╭─ RECORDS FOR PROCESSING
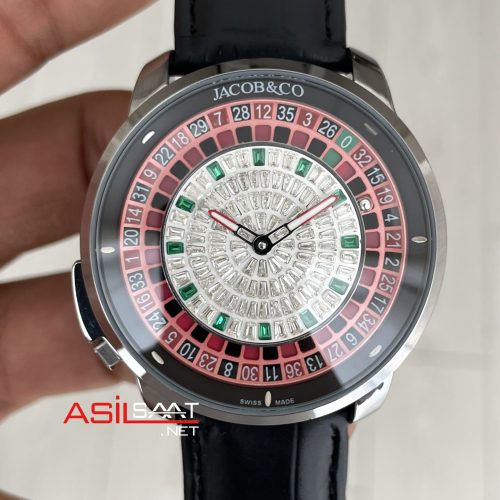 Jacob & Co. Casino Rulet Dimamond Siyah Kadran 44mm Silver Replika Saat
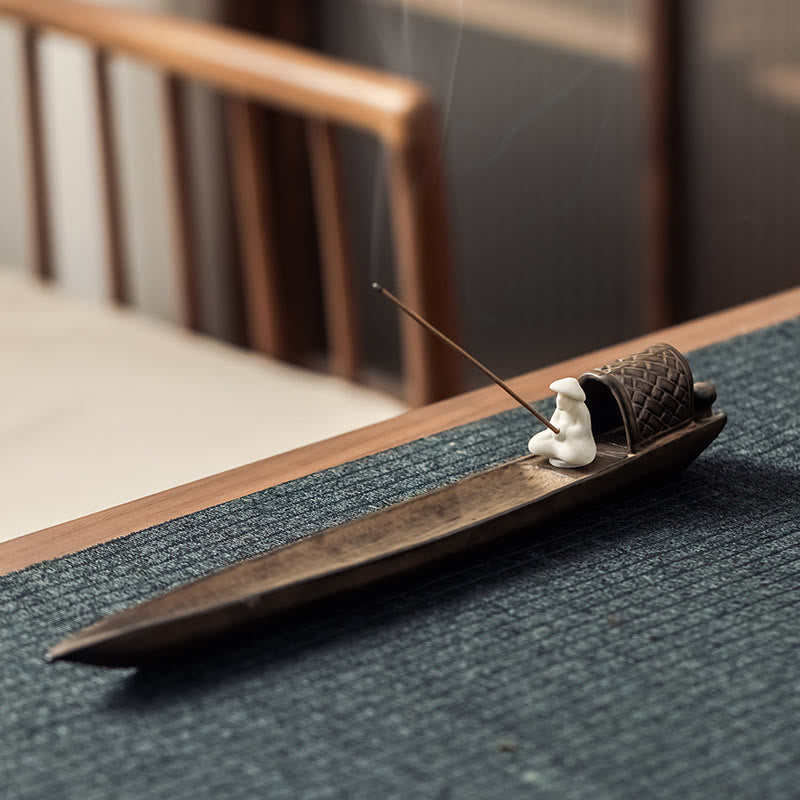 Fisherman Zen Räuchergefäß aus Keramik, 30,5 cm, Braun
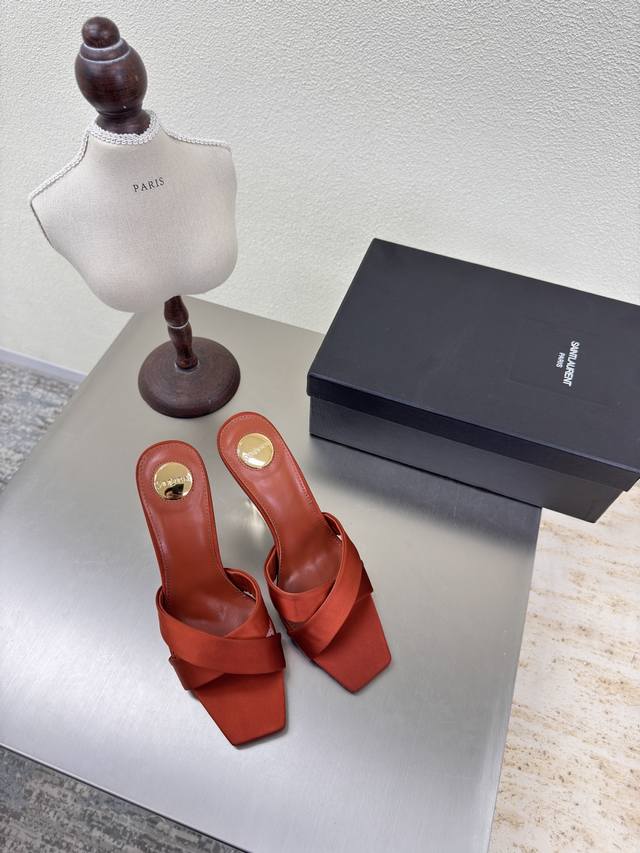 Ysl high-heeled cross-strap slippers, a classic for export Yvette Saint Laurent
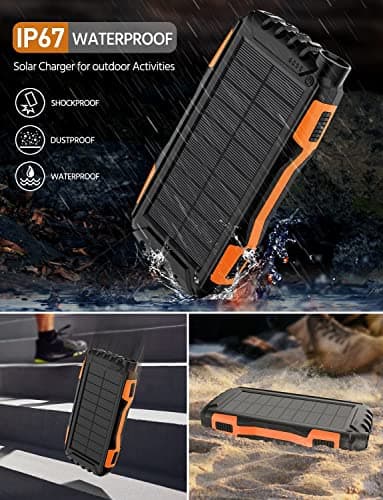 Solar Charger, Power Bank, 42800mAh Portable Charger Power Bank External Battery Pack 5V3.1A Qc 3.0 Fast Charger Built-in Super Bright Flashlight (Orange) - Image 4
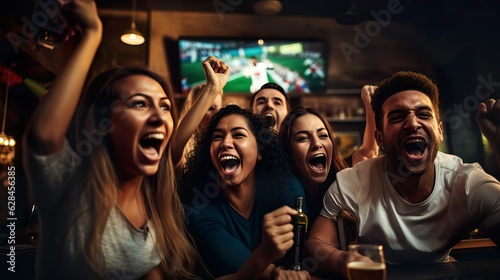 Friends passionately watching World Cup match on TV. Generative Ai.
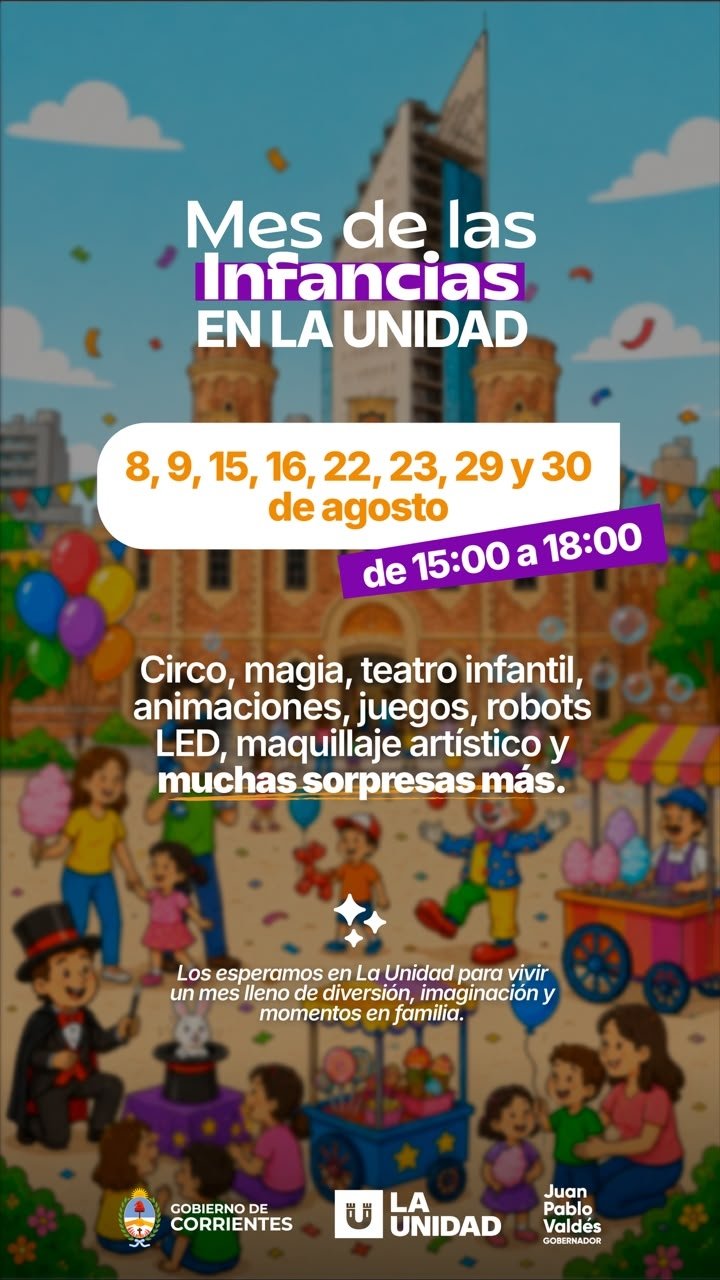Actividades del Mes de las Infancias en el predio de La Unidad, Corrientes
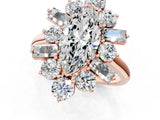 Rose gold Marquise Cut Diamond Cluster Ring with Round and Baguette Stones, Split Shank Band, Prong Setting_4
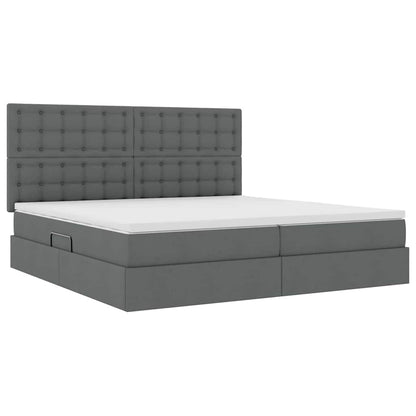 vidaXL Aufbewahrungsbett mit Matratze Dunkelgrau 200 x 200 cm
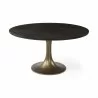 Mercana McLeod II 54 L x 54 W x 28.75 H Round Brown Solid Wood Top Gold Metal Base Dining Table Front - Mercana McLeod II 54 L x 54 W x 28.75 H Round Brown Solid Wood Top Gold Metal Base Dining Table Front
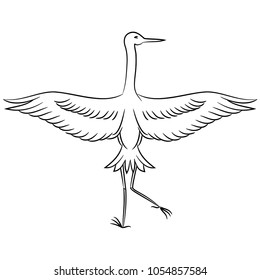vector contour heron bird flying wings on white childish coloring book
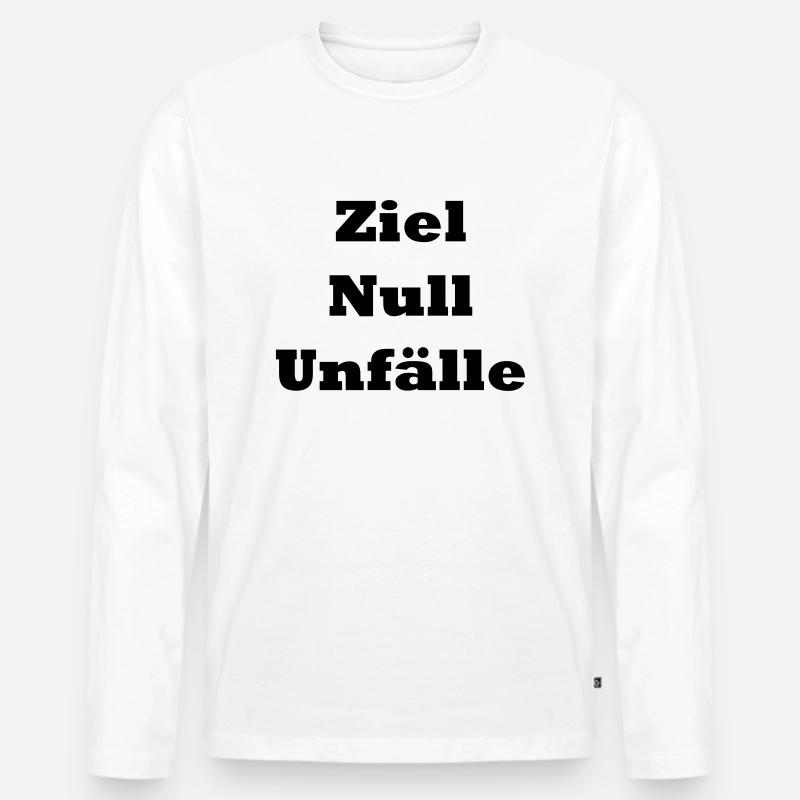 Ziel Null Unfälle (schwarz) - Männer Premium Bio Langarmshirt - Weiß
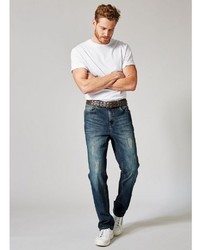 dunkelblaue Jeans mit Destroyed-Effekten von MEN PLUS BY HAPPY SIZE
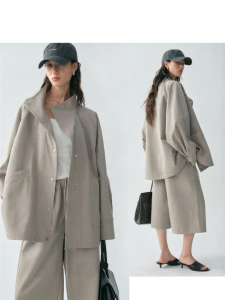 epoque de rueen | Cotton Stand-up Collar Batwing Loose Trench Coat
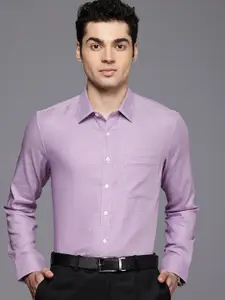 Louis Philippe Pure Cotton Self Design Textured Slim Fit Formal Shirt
╰─
PROBLEM TO WORK ON:
From the records above, copy only the lines running from the line holding "Actividades del Mes" through the line holding "Ziel Null Unfälle", with no pictures.

RESPONSE BELOW:
Actividades del Mes de las Infancias en el predio de La Unidad, Corrientes
 Rose gold Marquise Cut Diamond Cluster Ring with Round and Baguette Stones, Split Shank Band, Prong Setting_4
 vidaXL Aufbewahrungsbett mit Matratze Dunkelgrau 200 x 200 cm
 Mercana McLeod II 54 L x 54 W x 28.75 H Round Brown Solid Wood Top Gold Metal Base Dining Table Front - Mercana McLeod II 54 L x 54 W x 28.75 H Round Brown Solid Wood Top Gold Metal Base Dining Table Front
vector contour heron bird flying wings on white childish coloring book
 Ziel Null Unfälle (schwarz) - Männer Premium Bio Langarmshirt - Weiß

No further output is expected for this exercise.